CLIP
CLIP copied to clipboard
Question about clip.encode_text
To whom it may concern,
I'm checking the code of clip. It is simple but wonderful. However, I found Line 350 in clip/model.py
: x = x[torch.arange(x.shape[0]), text.argmax(dim=-1)] @ self.text_projection
may be a little bit confusing to me. May I ask why use this dimension (text.argmax(dim=-1)
) out of the 77 dimensions of the tokenized text? Why not using the average of all dimension? Thanks a lot.
P.S. My understanding of text.argmax(dim=-1)
: it indicates the location of the end of the input text.
Best
You're correct that the argmax operation takes the representation at the EOT position. There's nothing inherently wrong with taking the average along the sequence dimension, but taking representation at the position of a special token (e.g. the CLS token in ViT and BERT) is empirically known to work better.
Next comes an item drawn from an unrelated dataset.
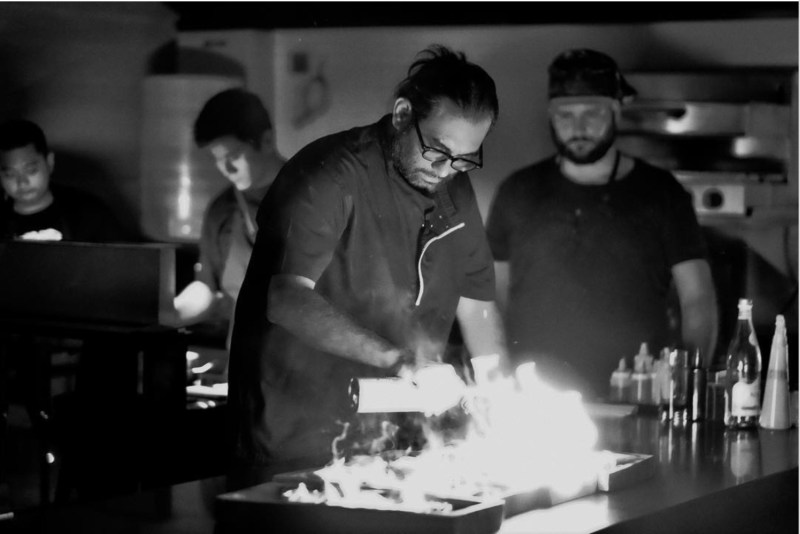chef gaggan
Hi, I also have a question. Does that make representations in other locations meaningless? Since they are not supervised by any loss, the network can output arbitrary values for these representations.
Hi, I also have a question. Does that make representations in other locations meaningless? Since they are not supervised by any loss, the network can output arbitrary values for these representations.
Other representations are still used since in each attention layer, the [EOT] token is attended to every other location.
The position of [EOT] token is different for text with diff length, this dose not confuse the learning of position embedding?
@ygfrancois
The position of [EOT] token is different for text with diff length, this dose not confuse the learning of position embedding?
the [ETO] token is 49407 in this situation, which is the largest number in the tokenized_prompts (i.e text), so we can use text.argmax(dim=-1) to determine the position of [EOT]
@ygfrancois The position of [EOT] token is different for text with diff length, this dose not confuse the learning of position embedding? the [ETO] token is 49407 in this situation, which is the largest number in the tokenized_prompts (i.e text), so we can use text.argmax(dim=-1) to determine the position of [EOT]
Thank you @LikeGiver, I understand this point now. Argmax is used to locate the index (i_eot) of [EOT] at tokenized prompts. Once we locate it , we use the features of [EOT] by x[batchsize, i_eot] to represent the features of prompts
I have the same question. In my prompts, the number 49407 mean the end token of each prompt, not the useful meaning of each token. for example, [49406, 518, 34606, 771, 4267, 7863, 6898, 518, 4960, 2445, 537, 791, 1025, 33811, 538, 26878, 49407, 0, 0, 0, 0, ..., 0], I think i should choose the meaningful token except 49406 and 49407. Is it work?